José Mattoso e a “ideia para Portugal”
É a segunda personalidade a reflectir sobre uma “ideia para Portugal”, não sob a forma de entrevista, mas num texto-depoimento que saiu na edição do Público de hoje. Escrito poderoso, sem rodeios, assente na cultura, de que transcrevo alguns excertos, alinhados nos subtítulos originais:
História e previsão – “(…) Na verdade, não podemos cultivar ilusões. O mundo será sempre o mesmo: com hegemonia americana, europeia ou chinesa, com globalização ou sem ela, com revoluções ou governos estáveis, com guerras ou com a paz, teremos sempre de contar com o sofrimento, a desigualdade social, a luta pela vida, a morte. (…) Se me perguntam o que espero para Portugal nos próximos anos, devolveria a pergunta aos economistas e sociólogos. Sem ilusões, é claro. Em tempos de crise, como a actual, as suas previsões podem traduzir probabilidades, mas também a intenção oculta de influenciar a opinião pública para tranquilizar os investidores, beneficiar o funcionamento normal da máquina financeira ou favorecer os sectores políticos a que estão ligados. Raramente revelarão informações seguras, ou seja, estatísticas exactas, completas e significativas. A manipulação estatística é uma arma poderosa. (…) As previsões 'científicas' ignoram o inesperado, como aconteceu no 11 de Setembro. (…)”

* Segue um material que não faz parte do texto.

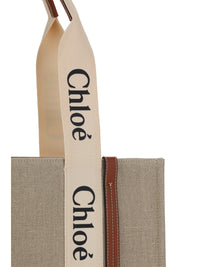 Chloé Women Woody Canvas Shoulder Bag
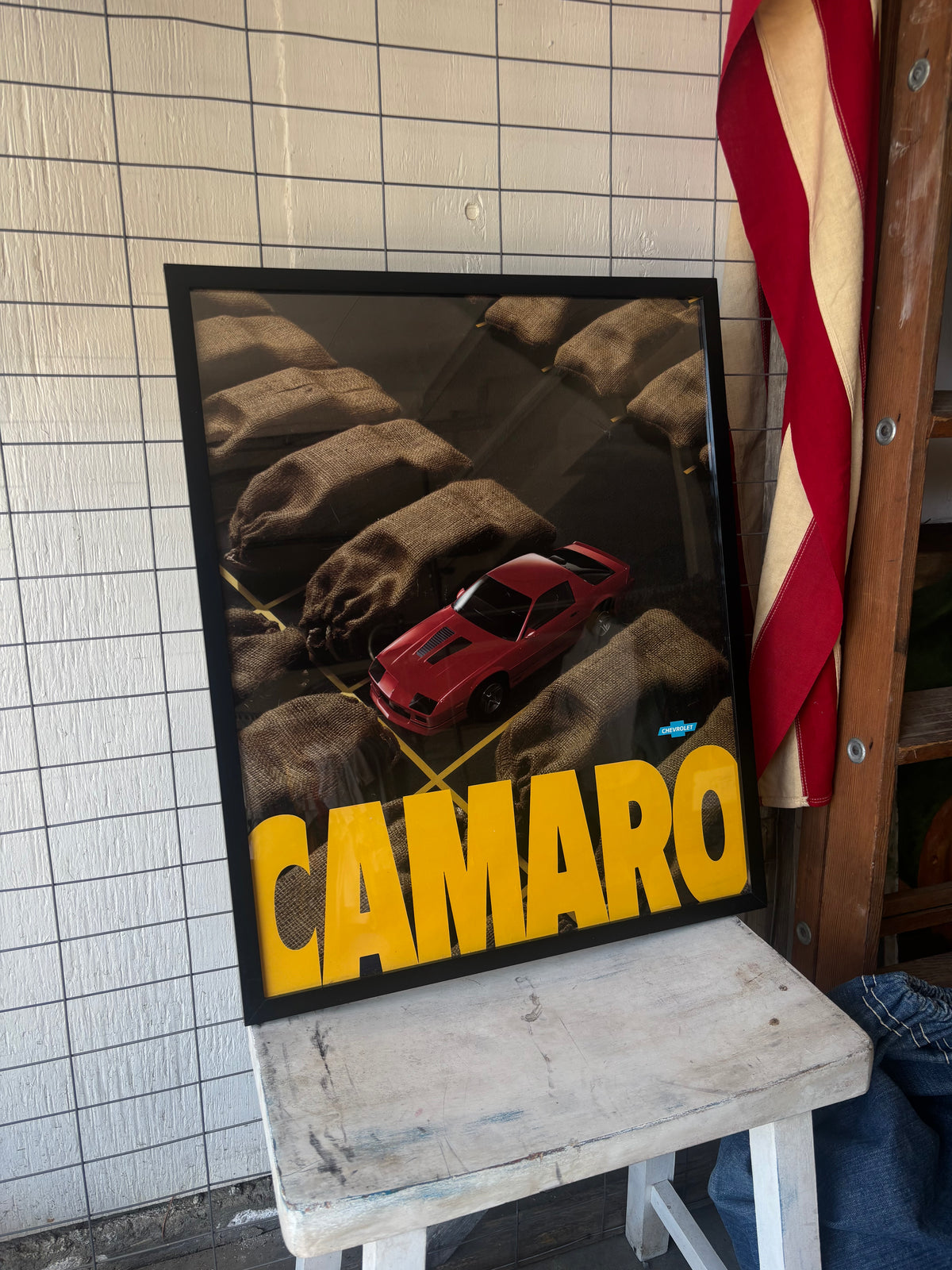 1980s Chevy Camaro Poster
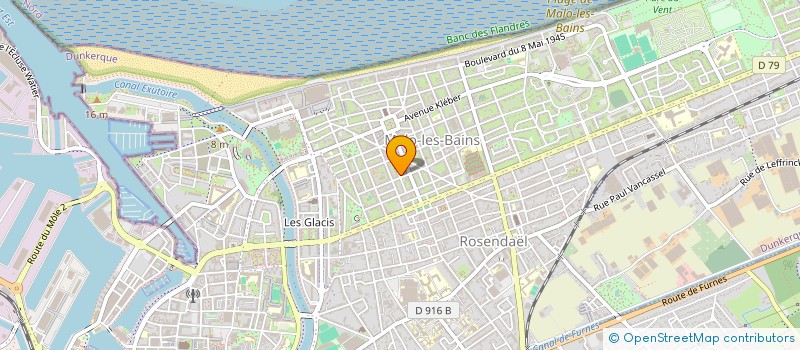 localisation de l'entreprise SCI LES QUATRE SAISONS D'ODILOU à DUNKERQUE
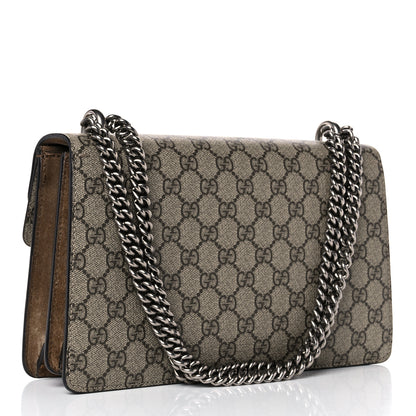 Gucci GG Supreme Monogram Small Dionysus Shoulder Bag Taupe 3 of 13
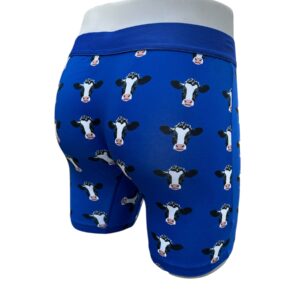 Royal Blue Cow Boxers - Image 4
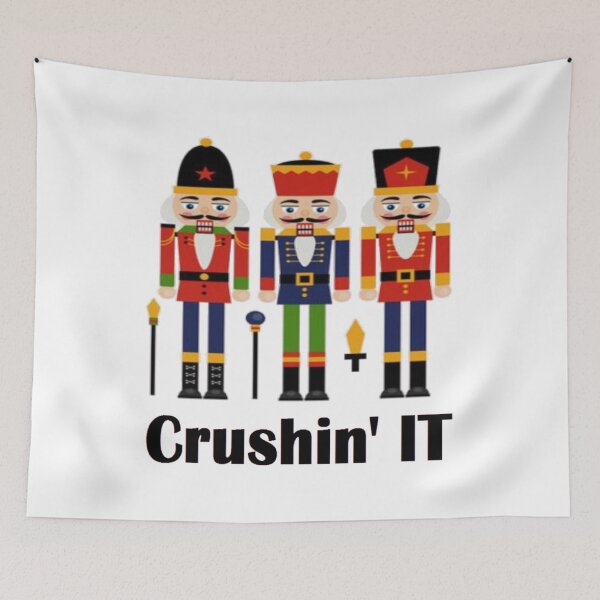 Item preview, Funny "Christmas" Nutcrackers Crushin It 4b designed and sold by rieriecoils1.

Identidade nacional – “(…) Que se pode, então, esperar do futuro próximo de Portugal em virtude de factores identitários ou estruturais? (…) Notemos a diferença entre o Portugal atlântico e o interior, o densamente povoado e o desertificado, o citadino e o que resta do rural. (…) Um país feito de bocados que nada consegue unir. Acontece não só nas estruturas socioeconómicas, mas também na produção cultural, cuja 'norma' é a 'descontinuidade de saltos geracionais' (Eduardo Lourenço, citado por Miguel Real), e a esterilidade institucional das obras geniais (Fernão Lopes, Nuno Gonçalves, Vieira, Pessoa, Amadeu, Antero...). Daí o 'irrealismo', acentuado por Eduardo Lourenço, tanto do discurso patriótico alimentado pela epopeia dos Descobrimentos e assumido pelo Estado Novo, como do pessimismo decadentista dos Vencidos da Vida, ambos resultantes do complexo de inferioridade nacional. (…)”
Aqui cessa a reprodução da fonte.